Paul Goble
Staunton, February 26 – As the trial of the Ingush Seven wends toward its end with near certain convictions of many leaders of the March 2019 protest against Yunus-Bek Yevkurov’s giving away of 10 percent of the republic’s territory to Chechnya, the powers that be in Ingushetia have arrested another opposition leader who has eluded them for almost two years.
In the weeks following that protest, the authorities both Ingush and Russian arrested dozens of opposition figures; and by June 2019, the most prominent one still at large, Akhmed Pogorov, a former Ingush interior minister and current vice president of the World Congress of the Ingush People, continued to give the Ingush and Russian authorities fits (windowoneurasia2.blogspot.com/2019/06/only-two-ingush-protest-leaders-now.html).

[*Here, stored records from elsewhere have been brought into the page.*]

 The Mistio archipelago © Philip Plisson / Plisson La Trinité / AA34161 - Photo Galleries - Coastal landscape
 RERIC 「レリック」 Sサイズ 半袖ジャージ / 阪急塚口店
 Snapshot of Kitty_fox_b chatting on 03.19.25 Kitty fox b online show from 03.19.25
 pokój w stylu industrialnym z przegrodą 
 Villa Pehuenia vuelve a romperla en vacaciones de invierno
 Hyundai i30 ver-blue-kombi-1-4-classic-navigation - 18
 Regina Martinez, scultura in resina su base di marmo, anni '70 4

He posted online video appeals and calls for the Ingush diaspora to come to the aid of the republic against rule by Moscow and Magas despite being on the Russian most-wanted list and official claims of his arrest (windowoneurasia2.blogspot.com/2019/05/pogorov-calls-on-ingush-in-ingushetia.html, fortanga.org/2019/05/ahmed-pogorov-obratilsya-k-zhitelyam-ingushetii/, windowoneurasia2.blogspot.com/2019/10/ingush-leader-pogorov-still-at-large.html and windowoneurasia2.blogspot.com/2019/06/despite-pressuring-his-relatives-ingush.html).
What was especially infuriating to the authorities and likely encouraging to the Ingush opposition is that it appears Pogorov never left the republic and even continued to live in his own house for most of the period. That the powers that be did not or could not arrest him gave some hope that there were limits to the broad crackdown against civil society there.

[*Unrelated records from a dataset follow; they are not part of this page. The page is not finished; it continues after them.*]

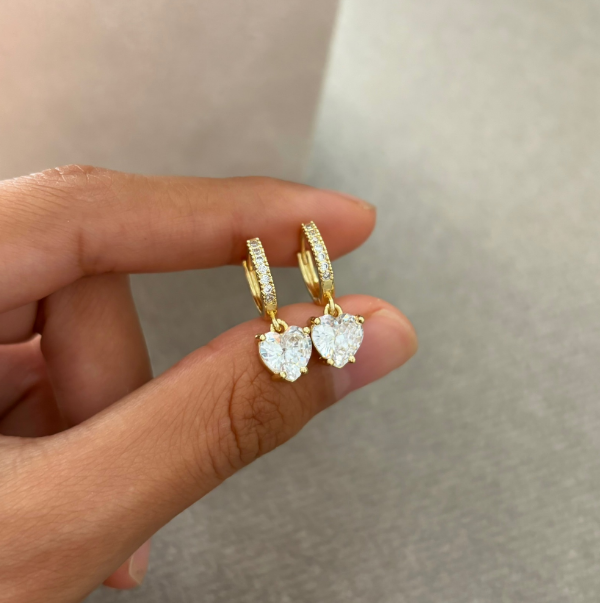 Producto - Argollas doradas corazón cristal strass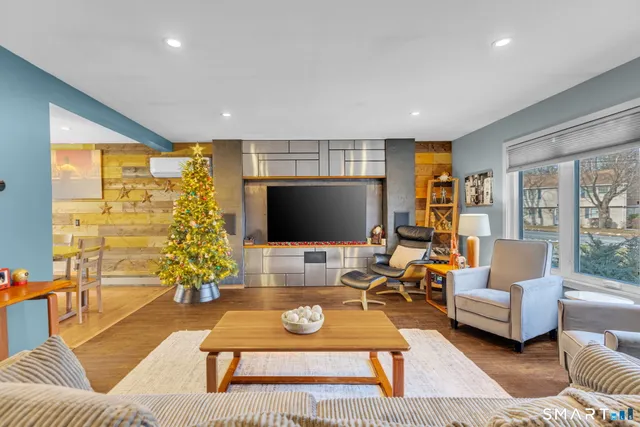 $450,000 | 351 Glendale Drive, Bristol, CT 06010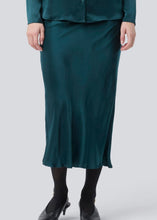 Afbeelding in Gallery-weergave laden, Modstrom Parveen Skirt Bottle Green
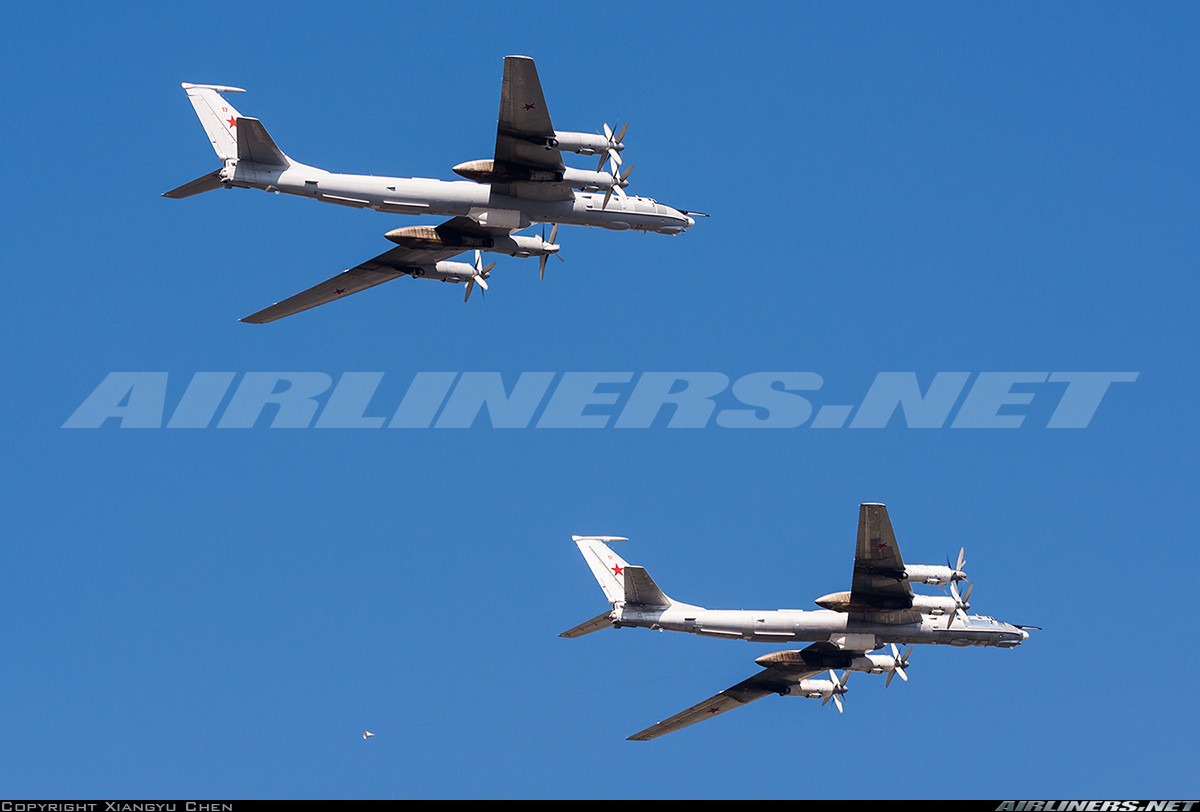 Trong một diễn biến liên quan, Bộ Quốc phòng Nga đã lên tiếng xác nhận hai máy bay săn ngầm Tu-142 ngày 2/11 thực hiện chuyến bay tuần tra thường xuyên dài 12 giờ trên hải phận quốc tế ngay ngoài khơi Na Uy."Tất cả các chuyến bay của máy bay hải quân Nga đều tuân thủ quy định về sử dụng không phận quốc tế, không xâm phạm vùng trời của các nước khác", Bộ Quốc phòng Nga nhấn mạnh. Nguồn ảnh: Airlines.net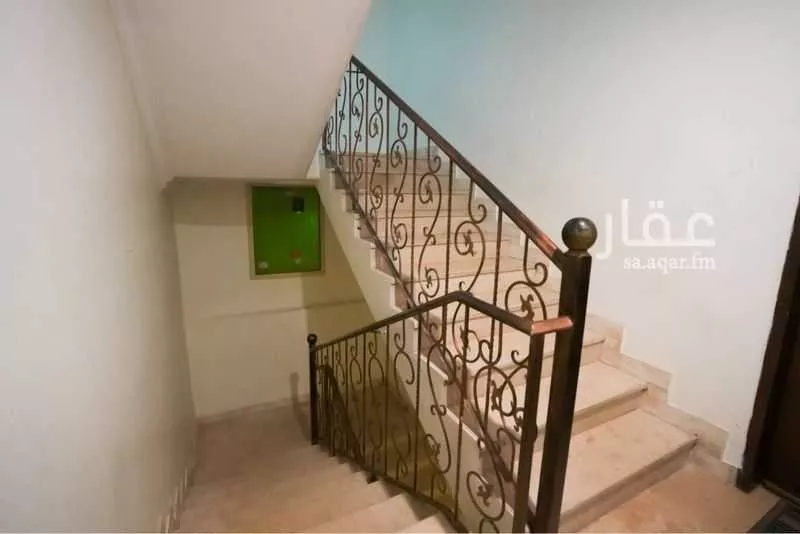 عمارة 400 م² في لبن 5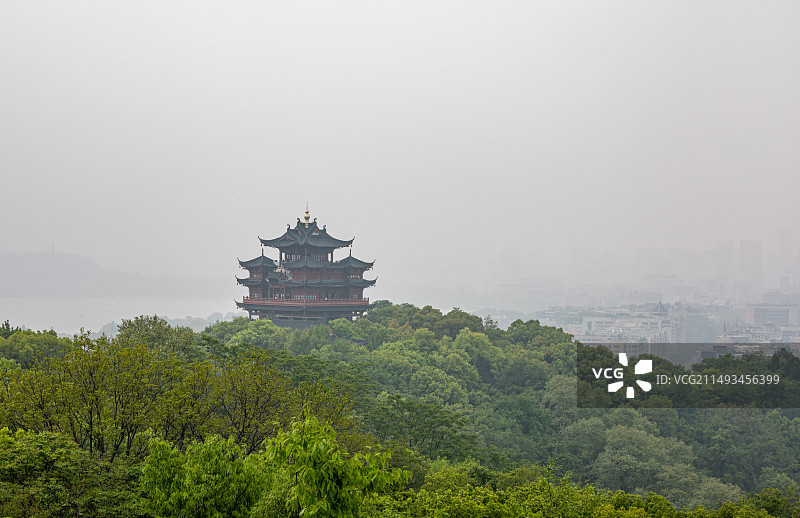 浙江杭州吴山风景区吴山城隍庙江湖汇观亭看西湖图片素材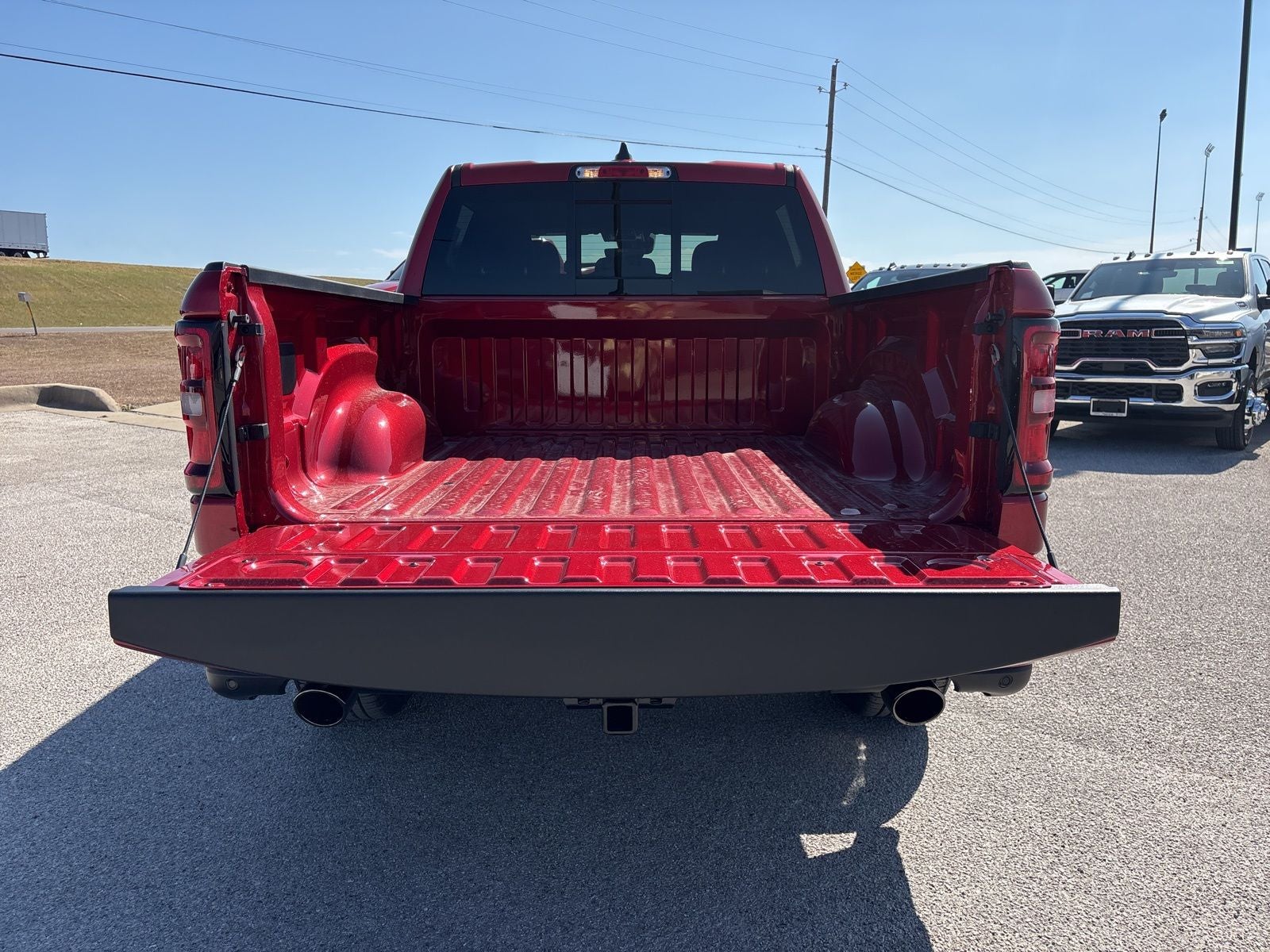 2026 RAM Ram 1500 RAM 1500 LONE STAR CREW CAB 4X4 5'7' BOX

But now, the authorities have arrested Pogorov. He was seized in his own house; and his relatives in reporting the arrest pointed out that while his sons had moved to Moscow, Pogorov himself has been within the republic the entire time and thus could have been arrested if the powers had really wanted to (fortanga.org/2021/02/rodstvennik-rasskazal-o-podrobnostyah-zaderzhaniya-ahmeda-pogorova/).
Pogorov’s arrest suggests that Moscow and Magas have decided to complete their crackdown in Ingushetia by silencing anyone who speaks out against the rising tide of repression there. His detention will certainly be read as an indication of that by many Ingush and may make it less likely that there will be mass protests against the looming conviction of the Ingush Seven.
But at the same time, it creates a problem for the authorities. Pogorov at least in principle will have to be tried, and that will create yet another show trial like the one the Ingush Seven have faced that won’t convince anyone of the opposition’s guilt but instead will highlight the fundamental criminality of the regime.
The powers that be may be able as a result of Pogorov’s arrest to avoid facing mass demonstrations in Ingushetia when the Ingush Seven verdicts are announced, but they will have achieved that at an enormous cost – the further radicalization of Ingush society that Pogorov’s detention is certain to provoke.